### AVAILABLE RECORDS
———

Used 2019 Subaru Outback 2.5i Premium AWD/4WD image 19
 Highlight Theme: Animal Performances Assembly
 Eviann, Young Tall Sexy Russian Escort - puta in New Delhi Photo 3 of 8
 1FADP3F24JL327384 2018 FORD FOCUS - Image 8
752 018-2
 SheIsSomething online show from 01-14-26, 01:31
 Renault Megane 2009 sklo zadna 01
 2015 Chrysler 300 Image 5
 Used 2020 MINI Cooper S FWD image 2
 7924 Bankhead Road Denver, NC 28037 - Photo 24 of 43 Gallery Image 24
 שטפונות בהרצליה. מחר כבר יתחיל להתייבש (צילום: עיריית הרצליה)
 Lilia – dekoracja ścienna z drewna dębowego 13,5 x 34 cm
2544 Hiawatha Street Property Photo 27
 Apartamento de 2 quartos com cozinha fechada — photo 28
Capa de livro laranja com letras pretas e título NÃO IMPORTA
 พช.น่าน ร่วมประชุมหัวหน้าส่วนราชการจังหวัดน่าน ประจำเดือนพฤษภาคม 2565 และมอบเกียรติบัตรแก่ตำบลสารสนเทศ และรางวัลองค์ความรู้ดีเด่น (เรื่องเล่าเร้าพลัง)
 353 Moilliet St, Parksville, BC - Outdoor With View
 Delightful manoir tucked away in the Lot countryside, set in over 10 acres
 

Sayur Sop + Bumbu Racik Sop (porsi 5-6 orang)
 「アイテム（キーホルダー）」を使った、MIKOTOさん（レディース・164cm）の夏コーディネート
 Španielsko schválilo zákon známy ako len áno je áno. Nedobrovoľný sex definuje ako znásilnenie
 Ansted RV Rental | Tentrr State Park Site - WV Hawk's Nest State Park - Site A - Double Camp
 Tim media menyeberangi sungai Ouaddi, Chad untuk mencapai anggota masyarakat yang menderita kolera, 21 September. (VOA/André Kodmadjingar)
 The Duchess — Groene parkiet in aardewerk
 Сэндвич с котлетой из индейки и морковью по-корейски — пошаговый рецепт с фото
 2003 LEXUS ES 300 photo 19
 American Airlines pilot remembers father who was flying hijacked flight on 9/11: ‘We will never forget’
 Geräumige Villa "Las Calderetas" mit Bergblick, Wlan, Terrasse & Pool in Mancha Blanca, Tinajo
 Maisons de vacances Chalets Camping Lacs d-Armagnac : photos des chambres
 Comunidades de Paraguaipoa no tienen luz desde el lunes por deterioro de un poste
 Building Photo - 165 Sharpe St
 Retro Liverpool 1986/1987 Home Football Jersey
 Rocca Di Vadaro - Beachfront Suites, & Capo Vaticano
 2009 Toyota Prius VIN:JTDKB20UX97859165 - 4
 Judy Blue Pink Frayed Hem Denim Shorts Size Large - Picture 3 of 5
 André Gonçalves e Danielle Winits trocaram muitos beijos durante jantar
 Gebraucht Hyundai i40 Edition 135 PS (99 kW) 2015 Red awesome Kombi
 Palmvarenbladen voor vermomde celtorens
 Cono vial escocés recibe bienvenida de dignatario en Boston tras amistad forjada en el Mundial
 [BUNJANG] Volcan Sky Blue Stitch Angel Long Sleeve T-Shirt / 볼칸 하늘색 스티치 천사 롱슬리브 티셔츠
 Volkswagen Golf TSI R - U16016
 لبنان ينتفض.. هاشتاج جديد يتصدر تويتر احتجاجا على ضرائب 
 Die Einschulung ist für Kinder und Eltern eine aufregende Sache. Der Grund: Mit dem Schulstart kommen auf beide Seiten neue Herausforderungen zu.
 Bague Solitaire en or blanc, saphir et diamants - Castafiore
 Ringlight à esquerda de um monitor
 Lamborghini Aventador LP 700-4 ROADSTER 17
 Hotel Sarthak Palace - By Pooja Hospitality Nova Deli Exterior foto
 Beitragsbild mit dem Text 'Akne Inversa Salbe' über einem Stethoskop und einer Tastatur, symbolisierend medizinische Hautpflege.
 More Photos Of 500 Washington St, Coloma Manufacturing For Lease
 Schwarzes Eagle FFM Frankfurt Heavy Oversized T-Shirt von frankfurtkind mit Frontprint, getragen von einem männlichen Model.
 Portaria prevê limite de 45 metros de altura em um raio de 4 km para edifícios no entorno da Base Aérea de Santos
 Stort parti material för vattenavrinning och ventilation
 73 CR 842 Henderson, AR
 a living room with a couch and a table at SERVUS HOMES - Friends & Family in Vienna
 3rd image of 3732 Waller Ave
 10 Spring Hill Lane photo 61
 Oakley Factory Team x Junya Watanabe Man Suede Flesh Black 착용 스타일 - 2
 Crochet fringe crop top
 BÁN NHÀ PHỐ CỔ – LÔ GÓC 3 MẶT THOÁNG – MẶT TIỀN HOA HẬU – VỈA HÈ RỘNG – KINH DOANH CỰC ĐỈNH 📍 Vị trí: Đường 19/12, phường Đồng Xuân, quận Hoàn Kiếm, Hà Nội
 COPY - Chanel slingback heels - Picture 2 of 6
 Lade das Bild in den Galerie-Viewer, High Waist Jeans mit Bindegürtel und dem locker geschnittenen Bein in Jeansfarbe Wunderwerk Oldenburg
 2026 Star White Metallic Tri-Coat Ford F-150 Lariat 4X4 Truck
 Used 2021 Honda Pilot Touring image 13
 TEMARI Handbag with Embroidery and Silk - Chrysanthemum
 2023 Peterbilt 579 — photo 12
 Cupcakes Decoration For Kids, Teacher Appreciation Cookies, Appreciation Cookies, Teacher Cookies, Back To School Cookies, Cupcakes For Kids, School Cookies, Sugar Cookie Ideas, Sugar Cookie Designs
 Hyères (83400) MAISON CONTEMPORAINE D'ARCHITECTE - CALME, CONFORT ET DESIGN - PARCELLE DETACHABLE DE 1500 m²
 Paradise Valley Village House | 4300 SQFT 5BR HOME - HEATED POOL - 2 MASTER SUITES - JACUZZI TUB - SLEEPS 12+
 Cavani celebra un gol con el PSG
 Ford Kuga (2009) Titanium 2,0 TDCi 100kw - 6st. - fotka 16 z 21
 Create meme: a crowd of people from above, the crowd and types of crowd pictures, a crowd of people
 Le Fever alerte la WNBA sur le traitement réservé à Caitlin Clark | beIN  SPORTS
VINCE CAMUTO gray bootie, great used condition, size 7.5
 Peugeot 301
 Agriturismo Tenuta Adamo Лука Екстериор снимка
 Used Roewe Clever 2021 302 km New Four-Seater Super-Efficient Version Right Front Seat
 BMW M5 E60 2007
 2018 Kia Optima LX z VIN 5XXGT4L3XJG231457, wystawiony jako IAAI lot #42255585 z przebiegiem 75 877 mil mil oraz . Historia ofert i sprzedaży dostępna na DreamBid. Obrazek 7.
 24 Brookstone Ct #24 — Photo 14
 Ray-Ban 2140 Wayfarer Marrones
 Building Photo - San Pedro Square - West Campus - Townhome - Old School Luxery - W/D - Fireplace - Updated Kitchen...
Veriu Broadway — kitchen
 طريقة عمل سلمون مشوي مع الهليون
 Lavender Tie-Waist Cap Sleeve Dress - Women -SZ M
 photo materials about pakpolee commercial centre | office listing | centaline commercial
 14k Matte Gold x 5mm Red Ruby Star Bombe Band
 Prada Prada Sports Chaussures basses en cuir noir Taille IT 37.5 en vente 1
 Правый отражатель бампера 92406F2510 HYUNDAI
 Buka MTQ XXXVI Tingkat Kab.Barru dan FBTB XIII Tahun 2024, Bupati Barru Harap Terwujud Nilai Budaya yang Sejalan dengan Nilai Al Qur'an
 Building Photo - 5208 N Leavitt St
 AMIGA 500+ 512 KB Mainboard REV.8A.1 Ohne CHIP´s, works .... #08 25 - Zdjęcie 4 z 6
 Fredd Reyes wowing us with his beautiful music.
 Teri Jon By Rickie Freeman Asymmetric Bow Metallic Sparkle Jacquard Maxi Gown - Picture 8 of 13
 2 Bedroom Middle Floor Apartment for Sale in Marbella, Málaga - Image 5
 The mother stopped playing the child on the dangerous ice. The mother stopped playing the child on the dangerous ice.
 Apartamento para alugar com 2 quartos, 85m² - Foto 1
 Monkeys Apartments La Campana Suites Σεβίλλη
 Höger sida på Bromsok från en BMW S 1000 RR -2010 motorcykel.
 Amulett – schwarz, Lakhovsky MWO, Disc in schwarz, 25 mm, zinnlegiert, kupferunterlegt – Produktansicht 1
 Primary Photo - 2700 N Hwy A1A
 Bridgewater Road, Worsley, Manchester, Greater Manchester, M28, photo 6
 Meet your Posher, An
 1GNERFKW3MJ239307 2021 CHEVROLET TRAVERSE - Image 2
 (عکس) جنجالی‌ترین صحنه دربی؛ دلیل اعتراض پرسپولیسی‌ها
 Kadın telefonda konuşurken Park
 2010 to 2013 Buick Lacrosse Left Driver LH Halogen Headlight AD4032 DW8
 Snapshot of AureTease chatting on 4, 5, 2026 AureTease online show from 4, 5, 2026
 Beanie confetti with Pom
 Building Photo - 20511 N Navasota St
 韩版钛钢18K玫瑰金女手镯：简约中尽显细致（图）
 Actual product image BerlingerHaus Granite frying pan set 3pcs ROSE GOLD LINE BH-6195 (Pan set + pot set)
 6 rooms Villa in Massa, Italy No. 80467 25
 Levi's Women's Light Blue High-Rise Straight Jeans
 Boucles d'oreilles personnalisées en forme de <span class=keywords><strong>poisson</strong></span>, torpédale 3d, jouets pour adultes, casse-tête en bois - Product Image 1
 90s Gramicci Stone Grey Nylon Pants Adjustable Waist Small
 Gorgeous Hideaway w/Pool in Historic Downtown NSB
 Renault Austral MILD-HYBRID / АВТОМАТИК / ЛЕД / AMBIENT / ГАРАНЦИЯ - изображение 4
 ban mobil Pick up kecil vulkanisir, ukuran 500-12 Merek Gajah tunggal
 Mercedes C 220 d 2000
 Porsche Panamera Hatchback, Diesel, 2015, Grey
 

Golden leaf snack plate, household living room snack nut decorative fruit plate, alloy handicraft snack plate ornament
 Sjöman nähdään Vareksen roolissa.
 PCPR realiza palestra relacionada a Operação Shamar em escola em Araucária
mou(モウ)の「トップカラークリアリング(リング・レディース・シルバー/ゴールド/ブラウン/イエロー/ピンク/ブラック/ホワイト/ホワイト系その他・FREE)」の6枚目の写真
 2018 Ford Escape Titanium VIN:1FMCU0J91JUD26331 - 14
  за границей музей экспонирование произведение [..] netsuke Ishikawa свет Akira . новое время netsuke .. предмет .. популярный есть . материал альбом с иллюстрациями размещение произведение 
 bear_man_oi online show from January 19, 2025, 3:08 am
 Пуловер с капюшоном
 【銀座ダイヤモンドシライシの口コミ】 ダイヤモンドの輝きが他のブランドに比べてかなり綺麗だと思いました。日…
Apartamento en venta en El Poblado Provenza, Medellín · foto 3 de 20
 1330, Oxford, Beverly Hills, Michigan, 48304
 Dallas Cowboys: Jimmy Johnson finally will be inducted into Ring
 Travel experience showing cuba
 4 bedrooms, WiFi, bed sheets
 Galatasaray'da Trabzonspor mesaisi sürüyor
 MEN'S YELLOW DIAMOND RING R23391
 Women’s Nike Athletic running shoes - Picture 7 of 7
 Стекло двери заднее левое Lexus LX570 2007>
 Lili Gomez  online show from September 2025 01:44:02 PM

———

### TASK ITEM
Copy verbatim, from the listing above, each line from the one containing "Create meme: a" down to the one containing "2 Bedroom Middle", inclusive.

### SOLUTION
 Create meme: a crowd of people from above, the crowd and types of crowd pictures, a crowd of people
 Le Fever alerte la WNBA sur le traitement réservé à Caitlin Clark | beIN  SPORTS
VINCE CAMUTO gray bootie, great used condition, size 7.5
 Peugeot 301
 Agriturismo Tenuta Adamo Лука Екстериор снимка
 Used Roewe Clever 2021 302 km New Four-Seater Super-Efficient Version Right Front Seat
 BMW M5 E60 2007
 2018 Kia Optima LX z VIN 5XXGT4L3XJG231457, wystawiony jako IAAI lot #42255585 z przebiegiem 75 877 mil mil oraz . Historia ofert i sprzedaży dostępna na DreamBid. Obrazek 7.
 24 Brookstone Ct #24 — Photo 14
 Ray-Ban 2140 Wayfarer Marrones
 Building Photo - San Pedro Square - West Campus - Townhome - Old School Luxery - W/D - Fireplace - Updated Kitchen...
Veriu Broadway — kitchen
 طريقة عمل سلمون مشوي مع الهليون
 Lavender Tie-Waist Cap Sleeve Dress - Women -SZ M
 photo materials about pakpolee commercial centre | office listing | centaline commercial
 14k Matte Gold x 5mm Red Ruby Star Bombe Band
 Prada Prada Sports Chaussures basses en cuir noir Taille IT 37.5 en vente 1
 Правый отражатель бампера 92406F2510 HYUNDAI
 Buka MTQ XXXVI Tingkat Kab.Barru dan FBTB XIII Tahun 2024, Bupati Barru Harap Terwujud Nilai Budaya yang Sejalan dengan Nilai Al Qur'an
 Building Photo - 5208 N Leavitt St
 AMIGA 500+ 512 KB Mainboard REV.8A.1 Ohne CHIP´s, works .... #08 25 - Zdjęcie 4 z 6
 Fredd Reyes wowing us with his beautiful music.
 Teri Jon By Rickie Freeman Asymmetric Bow Metallic Sparkle Jacquard Maxi Gown - Picture 8 of 13
 2 Bedroom Middle Floor Apartment for Sale in Marbella, Málaga - Image 5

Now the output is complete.